This function will go through all the HTML tags, find the link tags, and organize the links inside them into the appropriate sets.
Into the parameters tag and attrs, we will pass each tag that the HTML parser finds, and the attributes inside the tags respectively.
Line 13 checks if the HTML tag is an ‘a’ tag (remember ‘a’ tags are for links!).
In the tag is an ‘a’ tag, line 14 iterates through the attributes of the tag and their values.
Line 15 checks if the attribute is ‘href’, which contains the url of this link.
Line 16 creates the variable ‘link’, uses the urljoin method to combine the website’s url (self.url) with the url found in the current tag we are looking at, and assigns it to ‘link’
Line 17 checks if the first four characters of this tag’s url are ‘https’ which would mean it is an absolute link.
If line 17 is true, line 18 adds that joined link from line 16 the self.absolutes set.
Lines 19 and 20 run if line 17 is false, meaning the link is relative.
Line 20 adds the relative link to the self.relatives set.

Write Function #3

Following the image, create this small function called getAbsolutes.

Explanation:

This is one of three very short functions we will write.
The only line it contains is a return statement, returning the set of absolute links we have accumulated with the previous function.

Write Function #4

Following the image, create this function called getRelatives.

Explanation:

The only line it contains is a return statement, returning the set of relative links we have accumulated with handle_starttag.

Write Function #5

Following the image, create the last function called getLinks.

Explanation:

The only line it contains is a return statement again, but this one uses the .union() method to join both sets of relatives and absolutes, giving back a set of all the links found.

Test the Program!

Run the program, taking note of any errors that come up.

Explanation:

If there are errors, check back to see that everything is typed correctly, every detail matters in coding!

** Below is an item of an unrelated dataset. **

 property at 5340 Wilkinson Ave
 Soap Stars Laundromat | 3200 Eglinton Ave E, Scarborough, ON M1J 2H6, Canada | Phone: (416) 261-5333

Create an Instance of Your Class

Create a variable of any name (mine is named ‘lc’, short for link collector), create an instance of the LinkCollector class, and assign it to the variable. Pass the url of the website you want to observe as a parameter. (It can be any website url, I’m using the Depaul CS site)

Explanation:

Make sure you are now typing in the shell after running the code with no errors. This is where we are gonna see the class in action!
Make sure the website url is in quotes or double quotes.

Perform Methods on Your Variable

Following the image, use the .feed() on your variable, and pass the website url into it. On the url, use the urlopen function, the .read() method. And the .decode() method.

Explanation:

The. feed() function from the html.parser module provides the HTML code into the parser.
The urlopen() function opens the url you give it, accessing the data within.
The .read() method allows python to read the code in a file.
The .decode() method is needed to change the encoded format of the string to a regular string.

Try Your Methods!

You can now try out the methods, getAbsolutes(), getRelatives(), and getLinks() by applying these to the variable containing your LinkCollector object.

Explanation:

The above image shows an example of using the getAbsolutes() method for the Depaul CS site, which displays the set of all the absolute links found on that site!

You're Done!!

Now you’re done!! Congratulations, you’ve made your own modified version of the HTMLparser class which specifically checks for links and gives you back sets of the absolute and relative links. Now, you should be able to pass any website's url into this class, and easily see a set of the links it contains. I send you forth into the world to find all the links you desire!